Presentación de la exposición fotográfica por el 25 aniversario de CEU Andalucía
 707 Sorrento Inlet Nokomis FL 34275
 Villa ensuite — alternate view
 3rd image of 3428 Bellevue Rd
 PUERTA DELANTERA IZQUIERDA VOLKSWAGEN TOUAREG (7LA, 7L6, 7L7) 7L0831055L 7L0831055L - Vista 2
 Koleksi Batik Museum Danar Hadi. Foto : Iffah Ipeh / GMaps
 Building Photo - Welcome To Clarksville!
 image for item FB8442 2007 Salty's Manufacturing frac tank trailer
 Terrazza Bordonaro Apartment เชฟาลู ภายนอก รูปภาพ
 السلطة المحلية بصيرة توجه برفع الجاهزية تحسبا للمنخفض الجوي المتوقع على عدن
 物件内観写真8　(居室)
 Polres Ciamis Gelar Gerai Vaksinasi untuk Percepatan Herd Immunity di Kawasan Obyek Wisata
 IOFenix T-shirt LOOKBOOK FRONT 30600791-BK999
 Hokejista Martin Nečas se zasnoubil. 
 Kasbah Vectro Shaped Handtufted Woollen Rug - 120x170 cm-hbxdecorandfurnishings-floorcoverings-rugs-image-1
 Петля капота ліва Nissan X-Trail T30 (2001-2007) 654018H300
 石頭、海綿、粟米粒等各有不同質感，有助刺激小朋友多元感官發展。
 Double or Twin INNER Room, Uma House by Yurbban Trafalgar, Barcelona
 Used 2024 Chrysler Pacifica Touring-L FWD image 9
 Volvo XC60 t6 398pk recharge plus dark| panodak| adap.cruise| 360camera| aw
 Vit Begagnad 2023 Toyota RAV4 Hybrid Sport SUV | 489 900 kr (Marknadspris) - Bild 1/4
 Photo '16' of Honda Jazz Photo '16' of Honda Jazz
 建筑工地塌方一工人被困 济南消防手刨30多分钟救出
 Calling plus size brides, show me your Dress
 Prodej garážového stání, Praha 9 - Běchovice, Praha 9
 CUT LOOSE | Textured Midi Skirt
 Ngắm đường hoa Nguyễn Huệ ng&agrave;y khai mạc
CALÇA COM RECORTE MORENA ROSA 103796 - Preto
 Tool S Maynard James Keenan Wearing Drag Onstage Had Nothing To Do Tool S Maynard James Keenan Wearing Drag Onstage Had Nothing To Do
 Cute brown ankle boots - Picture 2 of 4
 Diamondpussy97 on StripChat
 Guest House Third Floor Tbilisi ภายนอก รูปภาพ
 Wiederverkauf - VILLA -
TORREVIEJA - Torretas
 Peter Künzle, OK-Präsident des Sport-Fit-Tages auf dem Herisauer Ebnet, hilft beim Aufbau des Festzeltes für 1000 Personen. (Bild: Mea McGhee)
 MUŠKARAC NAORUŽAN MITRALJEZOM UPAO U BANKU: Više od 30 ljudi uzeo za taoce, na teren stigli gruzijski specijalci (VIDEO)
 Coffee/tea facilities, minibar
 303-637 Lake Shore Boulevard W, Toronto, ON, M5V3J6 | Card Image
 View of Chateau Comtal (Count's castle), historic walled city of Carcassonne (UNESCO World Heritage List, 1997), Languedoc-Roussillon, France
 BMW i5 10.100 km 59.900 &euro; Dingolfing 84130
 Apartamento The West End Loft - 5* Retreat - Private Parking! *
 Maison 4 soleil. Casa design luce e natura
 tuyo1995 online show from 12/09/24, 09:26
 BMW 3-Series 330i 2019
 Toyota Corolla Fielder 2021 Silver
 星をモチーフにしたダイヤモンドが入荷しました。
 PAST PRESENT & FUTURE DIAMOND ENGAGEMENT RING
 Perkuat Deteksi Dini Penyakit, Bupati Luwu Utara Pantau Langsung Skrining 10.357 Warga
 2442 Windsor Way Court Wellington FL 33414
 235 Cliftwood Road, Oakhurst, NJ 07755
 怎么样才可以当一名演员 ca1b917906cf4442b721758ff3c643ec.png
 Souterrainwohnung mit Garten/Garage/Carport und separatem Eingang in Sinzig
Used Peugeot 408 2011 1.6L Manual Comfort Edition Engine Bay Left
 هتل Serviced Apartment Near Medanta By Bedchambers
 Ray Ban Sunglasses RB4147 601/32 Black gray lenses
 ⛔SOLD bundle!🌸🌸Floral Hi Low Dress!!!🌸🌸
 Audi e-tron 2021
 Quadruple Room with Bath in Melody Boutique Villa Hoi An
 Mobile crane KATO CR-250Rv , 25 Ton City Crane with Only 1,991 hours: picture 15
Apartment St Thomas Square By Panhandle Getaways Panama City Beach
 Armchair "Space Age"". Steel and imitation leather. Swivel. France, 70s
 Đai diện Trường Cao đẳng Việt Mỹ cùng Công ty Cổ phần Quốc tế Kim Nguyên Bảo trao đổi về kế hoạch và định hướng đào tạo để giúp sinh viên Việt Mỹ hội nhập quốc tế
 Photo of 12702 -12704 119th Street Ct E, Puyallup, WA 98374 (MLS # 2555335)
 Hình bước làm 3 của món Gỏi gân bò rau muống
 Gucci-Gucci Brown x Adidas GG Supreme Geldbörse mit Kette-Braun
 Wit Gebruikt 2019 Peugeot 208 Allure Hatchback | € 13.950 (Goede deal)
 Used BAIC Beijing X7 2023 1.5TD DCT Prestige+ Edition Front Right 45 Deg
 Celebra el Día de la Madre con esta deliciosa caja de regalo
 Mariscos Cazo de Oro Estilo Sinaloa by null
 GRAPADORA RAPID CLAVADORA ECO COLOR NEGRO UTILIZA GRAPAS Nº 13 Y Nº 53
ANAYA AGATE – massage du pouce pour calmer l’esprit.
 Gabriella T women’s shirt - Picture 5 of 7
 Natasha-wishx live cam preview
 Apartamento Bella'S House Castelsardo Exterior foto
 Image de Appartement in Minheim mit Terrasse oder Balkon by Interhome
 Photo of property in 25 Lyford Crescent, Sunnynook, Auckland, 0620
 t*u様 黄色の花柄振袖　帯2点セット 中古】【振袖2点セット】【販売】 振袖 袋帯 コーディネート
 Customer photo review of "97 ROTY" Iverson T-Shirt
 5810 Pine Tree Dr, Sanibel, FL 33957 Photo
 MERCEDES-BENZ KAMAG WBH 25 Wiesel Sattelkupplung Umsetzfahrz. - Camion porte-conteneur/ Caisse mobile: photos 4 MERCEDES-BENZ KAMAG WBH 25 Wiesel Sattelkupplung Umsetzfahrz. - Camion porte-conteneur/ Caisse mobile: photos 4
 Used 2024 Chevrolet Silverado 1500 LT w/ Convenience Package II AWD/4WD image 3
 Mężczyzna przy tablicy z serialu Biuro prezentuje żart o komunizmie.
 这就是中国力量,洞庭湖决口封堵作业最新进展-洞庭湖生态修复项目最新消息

→ **Problem to work on**: For this exercise, retype the entire listing exactly.

→ **Output below**:
Presentación de la exposición fotográfica por el 25 aniversario de CEU Andalucía
 707 Sorrento Inlet Nokomis FL 34275
 Villa ensuite — alternate view
 3rd image of 3428 Bellevue Rd
 PUERTA DELANTERA IZQUIERDA VOLKSWAGEN TOUAREG (7LA, 7L6, 7L7) 7L0831055L 7L0831055L - Vista 2
 Koleksi Batik Museum Danar Hadi. Foto : Iffah Ipeh / GMaps
 Building Photo - Welcome To Clarksville!
 image for item FB8442 2007 Salty's Manufacturing frac tank trailer
 Terrazza Bordonaro Apartment เชฟาลู ภายนอก รูปภาพ
 السلطة المحلية بصيرة توجه برفع الجاهزية تحسبا للمنخفض الجوي المتوقع على عدن
 物件内観写真8　(居室)
 Polres Ciamis Gelar Gerai Vaksinasi untuk Percepatan Herd Immunity di Kawasan Obyek Wisata
 IOFenix T-shirt LOOKBOOK FRONT 30600791-BK999
 Hokejista Martin Nečas se zasnoubil. 
 Kasbah Vectro Shaped Handtufted Woollen Rug - 120x170 cm-hbxdecorandfurnishings-floorcoverings-rugs-image-1
 Петля капота ліва Nissan X-Trail T30 (2001-2007) 654018H300
 石頭、海綿、粟米粒等各有不同質感，有助刺激小朋友多元感官發展。
 Double or Twin INNER Room, Uma House by Yurbban Trafalgar, Barcelona
 Used 2024 Chrysler Pacifica Touring-L FWD image 9
 Volvo XC60 t6 398pk recharge plus dark| panodak| adap.cruise| 360camera| aw
 Vit Begagnad 2023 Toyota RAV4 Hybrid Sport SUV | 489 900 kr (Marknadspris) - Bild 1/4
 Photo '16' of Honda Jazz Photo '16' of Honda Jazz
 建筑工地塌方一工人被困 济南消防手刨30多分钟救出
 Calling plus size brides, show me your Dress
 Prodej garážového stání, Praha 9 - Běchovice, Praha 9
 CUT LOOSE | Textured Midi Skirt
 Ngắm đường hoa Nguyễn Huệ ng&agrave;y khai mạc
CALÇA COM RECORTE MORENA ROSA 103796 - Preto
 Tool S Maynard James Keenan Wearing Drag Onstage Had Nothing To Do Tool S Maynard James Keenan Wearing Drag Onstage Had Nothing To Do
 Cute brown ankle boots - Picture 2 of 4
 Diamondpussy97 on StripChat
 Guest House Third Floor Tbilisi ภายนอก รูปภาพ
 Wiederverkauf - VILLA -
TORREVIEJA - Torretas
 Peter Künzle, OK-Präsident des Sport-Fit-Tages auf dem Herisauer Ebnet, hilft beim Aufbau des Festzeltes für 1000 Personen. (Bild: Mea McGhee)
 MUŠKARAC NAORUŽAN MITRALJEZOM UPAO U BANKU: Više od 30 ljudi uzeo za taoce, na teren stigli gruzijski specijalci (VIDEO)
 Coffee/tea facilities, minibar
 303-637 Lake Shore Boulevard W, Toronto, ON, M5V3J6 | Card Image
 View of Chateau Comtal (Count's castle), historic walled city of Carcassonne (UNESCO World Heritage List, 1997), Languedoc-Roussillon, France
 BMW i5 10.100 km 59.900 &euro; Dingolfing 84130
 Apartamento The West End Loft - 5* Retreat - Private Parking! *
 Maison 4 soleil. Casa design luce e natura
 tuyo1995 online show from 12/09/24, 09:26
 BMW 3-Series 330i 2019
 Toyota Corolla Fielder 2021 Silver
 星をモチーフにしたダイヤモンドが入荷しました。
 PAST PRESENT & FUTURE DIAMOND ENGAGEMENT RING
 Perkuat Deteksi Dini Penyakit, Bupati Luwu Utara Pantau Langsung Skrining 10.357 Warga
 2442 Windsor Way Court Wellington FL 33414
 235 Cliftwood Road, Oakhurst, NJ 07755
 怎么样才可以当一名演员 ca1b917906cf4442b721758ff3c643ec.png
 Souterrainwohnung mit Garten/Garage/Carport und separatem Eingang in Sinzig
Used Peugeot 408 2011 1.6L Manual Comfort Edition Engine Bay Left
 هتل Serviced Apartment Near Medanta By Bedchambers
 Ray Ban Sunglasses RB4147 601/32 Black gray lenses
 ⛔SOLD bundle!🌸🌸Floral Hi Low Dress!!!🌸🌸
 Audi e-tron 2021
 Quadruple Room with Bath in Melody Boutique Villa Hoi An
 Mobile crane KATO CR-250Rv , 25 Ton City Crane with Only 1,991 hours: picture 15
Apartment St Thomas Square By Panhandle Getaways Panama City Beach
 Armchair "Space Age"". Steel and imitation leather. Swivel. France, 70s
 Đai diện Trường Cao đẳng Việt Mỹ cùng Công ty Cổ phần Quốc tế Kim Nguyên Bảo trao đổi về kế hoạch và định hướng đào tạo để giúp sinh viên Việt Mỹ hội nhập quốc tế
 Photo of 12702 -12704 119th Street Ct E, Puyallup, WA 98374 (MLS # 2555335)
 Hình bước làm 3 của món Gỏi gân bò rau muống
 Gucci-Gucci Brown x Adidas GG Supreme Geldbörse mit Kette-Braun
 Wit Gebruikt 2019 Peugeot 208 Allure Hatchback | € 13.950 (Goede deal)
 Used BAIC Beijing X7 2023 1.5TD DCT Prestige+ Edition Front Right 45 Deg
 Celebra el Día de la Madre con esta deliciosa caja de regalo
 Mariscos Cazo de Oro Estilo Sinaloa by null
 GRAPADORA RAPID CLAVADORA ECO COLOR NEGRO UTILIZA GRAPAS Nº 13 Y Nº 53
ANAYA AGATE – massage du pouce pour calmer l’esprit.
 Gabriella T women’s shirt - Picture 5 of 7
 Natasha-wishx live cam preview
 Apartamento Bella'S House Castelsardo Exterior foto
 Image de Appartement in Minheim mit Terrasse oder Balkon by Interhome
 Photo of property in 25 Lyford Crescent, Sunnynook, Auckland, 0620
 t*u様 黄色の花柄振袖　帯2点セット 中古】【振袖2点セット】【販売】 振袖 袋帯 コーディネート
 Customer photo review of "97 ROTY" Iverson T-Shirt
 5810 Pine Tree Dr, Sanibel, FL 33957 Photo
 MERCEDES-BENZ KAMAG WBH 25 Wiesel Sattelkupplung Umsetzfahrz. - Camion porte-conteneur/ Caisse mobile: photos 4 MERCEDES-BENZ KAMAG WBH 25 Wiesel Sattelkupplung Umsetzfahrz. - Camion porte-conteneur/ Caisse mobile: photos 4
 Used 2024 Chevrolet Silverado 1500 LT w/ Convenience Package II AWD/4WD image 3
 Mężczyzna przy tablicy z serialu Biuro prezentuje żart o komunizmie.
 这就是中国力量,洞庭湖决口封堵作业最新进展-洞庭湖生态修复项目最新消息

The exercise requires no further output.